Text, Talk, Vote seeks to recreate the kind of conversation your grandfather might have in a barbershop, but in a way that is confortable for young people. It creates a small group of people, who can then participate in face-to-face conversations enabled by text messages. Participants talk about what issues are important to them, how voting will make a difference and how they would like to be communicated with by their local officials. As participants text their replies and ideas, they can see what other groups of young people are talking about in real time. Anonymous data from these conversations is shared with the media and the candidates, amplifying the voices of young voters in the public debate.

In a pilot study, the results of Text, Talk, Vote were pretty awesome. More than half of participants reported gaining new ideas and perspective about politics.
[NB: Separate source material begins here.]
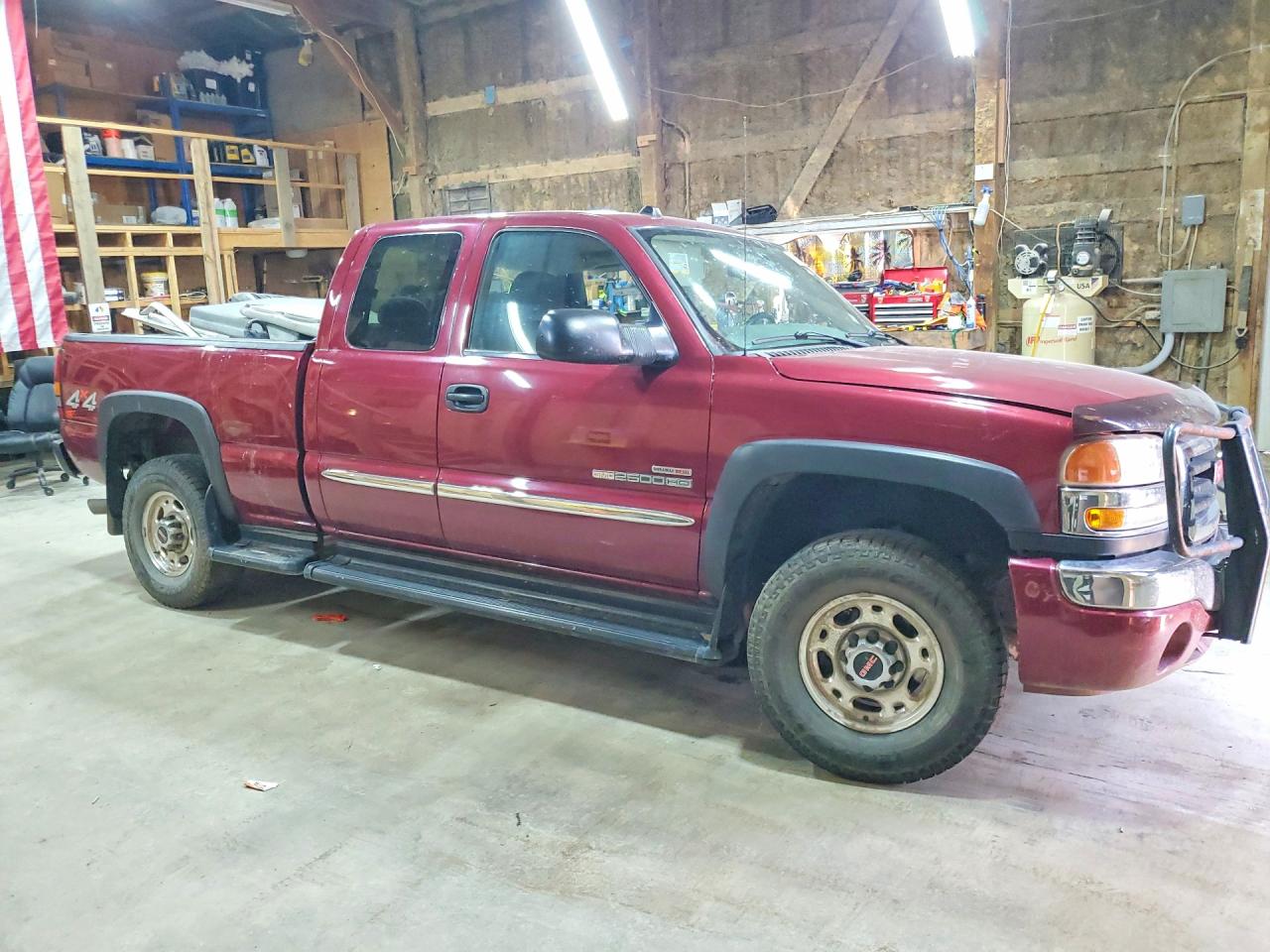 1GTHK29295E295154 · 2005 GMC SIERRA · 4/12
More importantly, of the half of participants who said they were not planning to vote before the conversation, 40 percent said just this one simple conversation made them want to vote. In the world of voter turnout, that is a huge number.

This fall the National Institute for Civil Discourse, which works to promote substantive and meaningful conversations about politics and policy all over the country, received $50,000 in support from Knight Foundation to do a larger pilot of Text, Talk, Vote in the Knight community of Akron, Ohio. The institute will work with dozens of Akron schools, community organizations and individuals to organize small, text-enabled conversations, specifically about the Akron mayoral election.

The Akron pilot is the first foray of Text, Talk, Vote into city politics. Engagement of millennials in city elections is especially important. Millennials increasing live in cities and are active participants in their culture, yet their engagement in local elections is even lower than their engagement in national ones. At the same time, many political decisions cities make now—to invest in public transit, for example—will have major impacts on young voters for decades to come. New ways of engaging millennials meaningfully on the city level are desperately needed.

At the same time, if Text, Talk, Vote proves effective at boosting turnout of young voters in Akron, it is poised to become a tool with much bigger impact as we roll it out in cities all over the country for the national election in 2016. The National Institute for Civil Discourse plans for Text, Talk, Vote to be a national campaign in 2016, focused on swing states and states where turnout is lowest, but available to everyone who wants to engage young voters in meaningful conversation about our democracy.